I look at him, really look at him, at the man who stood between me and everything I was running from, who refused to let me disappear, who saw me exactly as I was and didn’t ask me to be anything else.
And I realize there isn’t a single part of me that wants to walk away.
“Okay,” I say.
His brow lifts slightly. “Okay?”
I nod, stepping closer, my heart racing in a way that feels nothing like fear.
“Yeah,” I say, smiling through it. “Yes. I’ll marry you.”
Something fierce and bright flashes across his face, and he stands, sliding the loop of twine onto my finger like it’s the most important thing he’s ever done.
I look down at it, then back up at him, laughing again.

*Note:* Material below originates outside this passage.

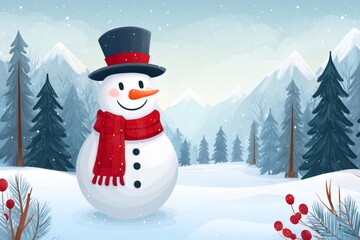 Obraz premium Snowman wearing hat and scarf in winter forest landscape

“This might be the least impressive ring in history.”
“It’s temporary.”
“It’s twine.”
“It’s ours.”
That stops me.
The laughter softens into something warmer, steadier, deeper.
“Ours,” I repeat.
His hand comes up to my face, brushing lightly along my jaw, and I lean into it without thinking.
“Ours,” he says.
I don’t hesitate this time. I close the distance myself, rising onto my toes just enough to press my mouth to his, the kiss warm and sure and full of everything we just chose.

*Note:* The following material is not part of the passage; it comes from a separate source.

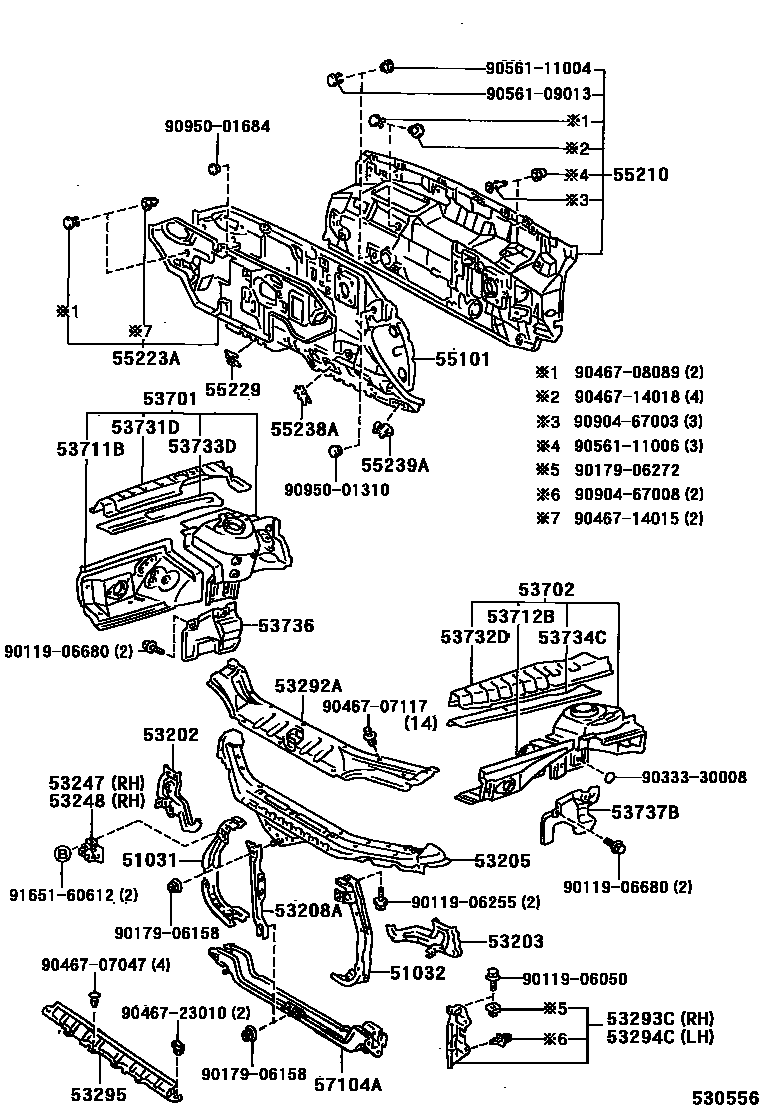 Toyota CAMRY 前翼子板挡泥板和前围板 EPC diagram — 530556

When he kisses me back, it’s steady and certain, like the mountain under our feet.
And for the first time in a long time, there’s nothing left behind me to run from.
Only everything in front of me to step into.
Second Epilogue
ten years later
Ethan
The woods are loud in the way that only matters when you know what to listen for.

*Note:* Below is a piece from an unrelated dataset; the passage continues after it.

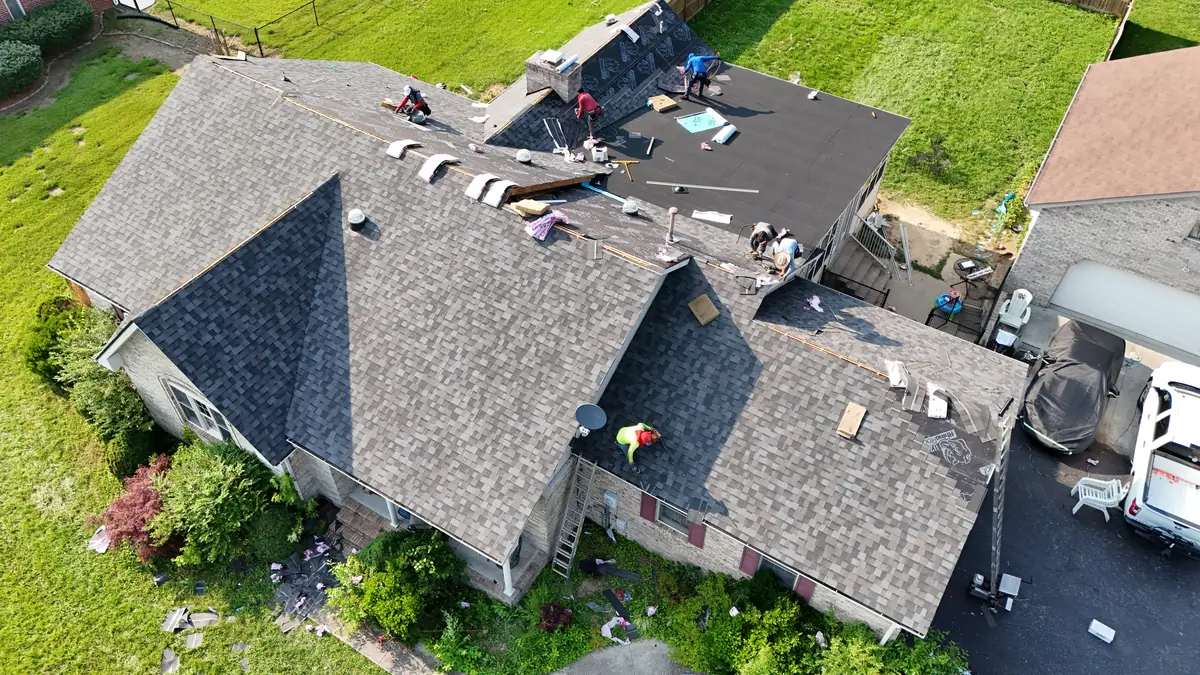 Aerial drone photo of a roofing project in Manchester, Tennessee by Blue Raider Roofing & Contracting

Branches shifting under small boots. The sharp crack of something breaking that shouldn’t. A laugh that carries too far, too wild, too fearless.
I lean against the trunk of a pine at the edge of the clearing, arms crossed, watching.
“Easy,” Maddie calls out, her voice cutting clean through the noise without needing to be raised. “That branch won’t hold both of you.”
It doesn’t.
I see it a second before it happens. The slight bend, the strain in the wood.